CA Toulouse, 4e ch. soc. sect. 2, 8 avril 2005, n° 03-05602

TOULOUSE

Arrêt

PARTIES

Demandeur :

Queva (Epoux)

Défendeur :

Babou (SAS)

COMPOSITION DE LA JURIDICTION

Président :

M. Darde

Conseillers :

MM. Pesso, Rimour

Avoué :

SCP Cantaloube-Ferrieu Cerri

Avocats :

Me Castagnon, SCP Cohen-Thevenin-Charbit

Cons. prud'h. Toulouse, du 9 oct. 2003

9 octobre 2003

Faits et procédure

Après avoir été salariés de la SA Eurotextile devenue SAS Babou, propriétaire d'une multitude de fonds de commerce sur toute la France, les époux Queva devenaient co-gérants d'une SARL Queva Epinay, puis Queva Roques à laquelle la SAS Babou confiait le 19 mai 1998 un mandat de gestion annulé et remplacé par une autre convention du 28 novembre 2000, ayant pour objet le mandat de vendre pour son compte les articles de son fonds de commerce de Roques-sur-Garonne.

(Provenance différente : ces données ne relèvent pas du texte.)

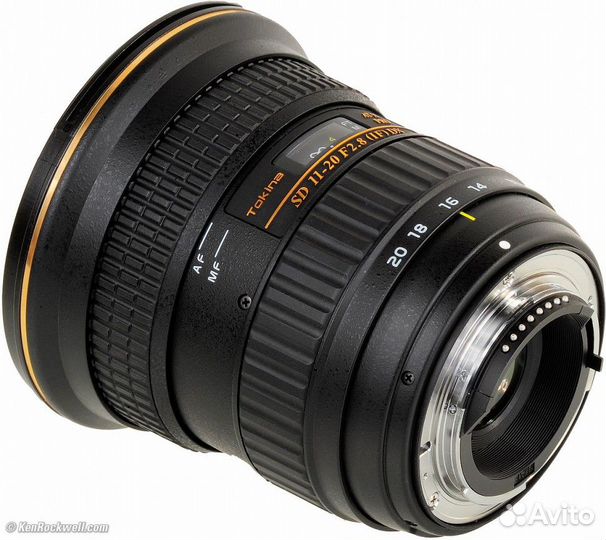 Tokina ATX-I 11-20mm F/2.8 PRO DX Nikon, Новый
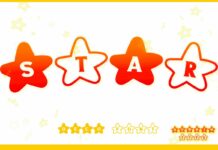 Star Font Poster 1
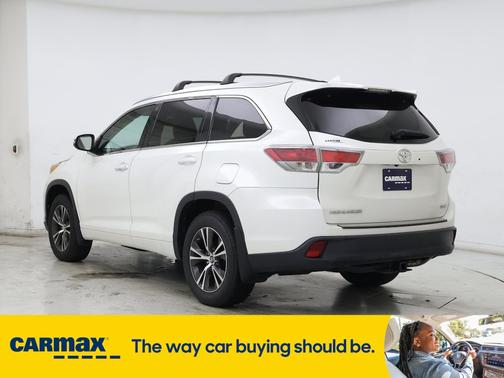 2016 Toyota Highlander XLE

Invoquant un manquement du mandataire à ses obligations contractuelles, la SA Eurotextile assignait la SARL Queva Roques devant le Tribunal de commerce de Toulouse le 14 février 2002 pour constater la résiliation du mandat aux torts du mandataire.

Par jugement du 12 décembre 2002, la SARL Queva Roques était placée en liquidation judiciaire.

Par jugement du 1er mars 2004, le tribunal de commerce, se fondant sur le jugement du 9 octobre 2003 du Conseil de prud'hommes de Toulouse saisi par les époux Queva comme dit ci-après, retenait la validité du mandat et estimait justifiée sa résiliation par la société Eurotextile, fixant ainsi la créance de réparation à inscrire au passif de la SARL Queva Roques.

Le 19 février 2002, Olivier Queva saisissait le Conseil de prud'hommes de Toulouse pour faire juger qu'il était lié à la SA Eurotextile par un contrat de travail et obtenir le paiement de dommages-intérêts pour licenciement sans cause réelle et sérieuse, un rappel de salaire pour heures supplémentaires et d'indemnité de repos compensateur.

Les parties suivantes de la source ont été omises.